Setting up TimescaleDB 2.0 multi-node on Timescale Forge

TimescaleDB 2.0 introduces a number of new features to supercharge time-series data even further. One of the most anticipated new features is what we call multi-node - the ability to create a cluster of TimescaleDB instances to scale both reads and writes.

In this how-to, we’ll show you how to create a multi-node cluster in your Timescale Forge account using TimescaleDB 2.0.

This document details a “do-it-yourself” (DIY) multi-node experience on Forge. In the future, we will offer a seamless point-and-click multi-node experience within the Timescale Forge console UI, but we wanted to provide a way for users to setup and test this feature before that interface is available.

If you’re ready to set up a TimescaleDB multi-node cluster as part of your Timescale Forge account, continue on! If you want to follow along but don’t yet have a Timescale Forge account, sign-up today for a 100% free, 30-day trial!

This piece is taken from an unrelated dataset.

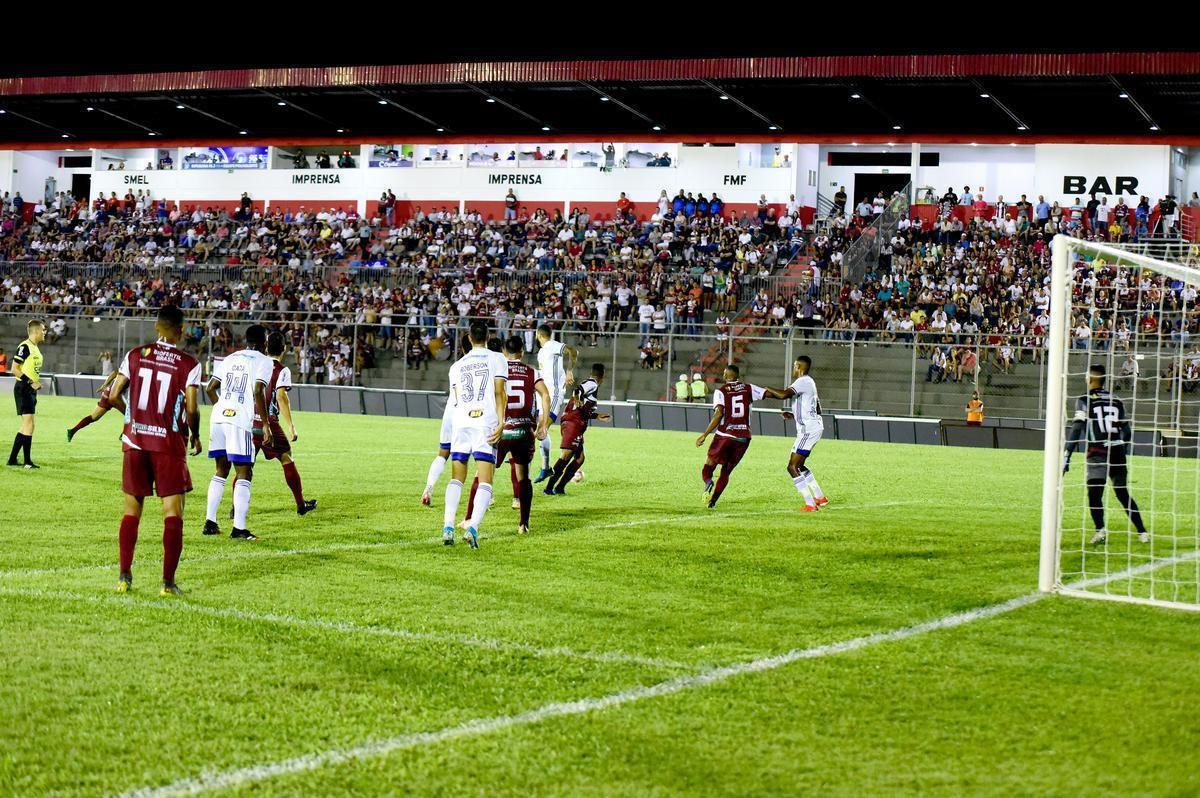 Cruzeiro buscou empate no fim da partida contra o Patrocinense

Overview of multi-node setup

Multi-node clusters consist of at least two or more TimescaleDB instances (called Services in Timescale Forge). Each cluster has one access node (AN) and one or more data nodes (DN). As outlined in our architecture blog posts, the access node is intended to be the only TimescaleDB instance that you or your applications connect to once the cluster is set up. It becomes the “brains” and traffic controller of all distributed hypertable activity. In contrast, data nodes are not intended to be accessed directly once joined to a multi-node cluster.

tip

A proper TimescaleDB cluster should have at least two data nodes to begin realizing the benefits of distributed hypertables. While it is technically possible to add just one data node to a cluster, this will perform worse than a single-node TimescaleDB instance and is not recommended.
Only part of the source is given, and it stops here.